The cheap common fault I’ve seen when it boots is someone did a fan swap and it provides insufficient PWM data since the machine is somewhat specific about what data it expects. When it isn’t providing RPM data, the fans assume there’s an issue and run them at 100% speed all the time, along with throwing a BIOS boot warning. If you see a boot error, start with the fan in question with these machines. CPU is 4-pin and rear fan is 3-pin and it needs to provide RPM data - stick to the Delta fans Dell uses as those provide the correct data.

For non-booting machines, the first thing I do is inspect the power supply for an issue (connection or physical problem) and replace it if it’s not due to something like the 4 pin 12V ATX/P4 power connector (P4=first machines to require it).
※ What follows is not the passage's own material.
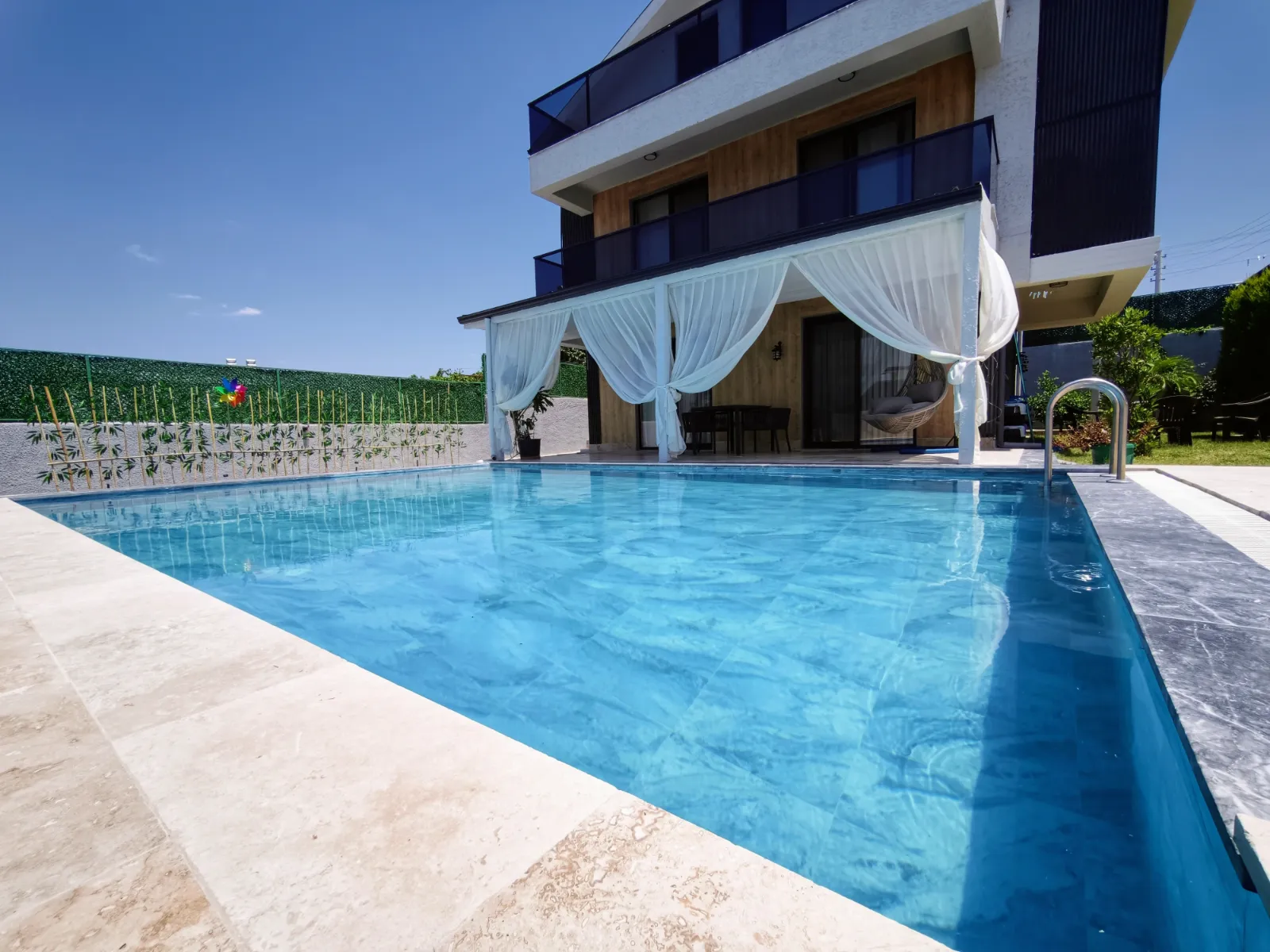 Villa Semra — kapak fotoğrafı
That solves it most of the time with non-booting systems. NOTE: You have a huge issue - 2 different power supplies based on the factory CPU spec! Lower spec machines (i3/i5) use the stupid nonstandard supply like Lenovo, but the high end (i7) machines use the ATX 24-pin. PRAY IT HAS THE NORMAL ATX PART OR YOU NEED TO USE THE DELL PART.

If the power supply looks fine/non-standard unit, start with the RAM - that’s the second common cause for the full speed fan issue with a no boot condition. If you have 2 modules, removing one will usually work unless both are bad. When you replace it, don’t mix the good OEM modules with new retail ones - replace it as a matched set. Dell boards aren’t picky, but for normal users it just creates avoidable problems.

If none of those fix it, your motherboard is bad.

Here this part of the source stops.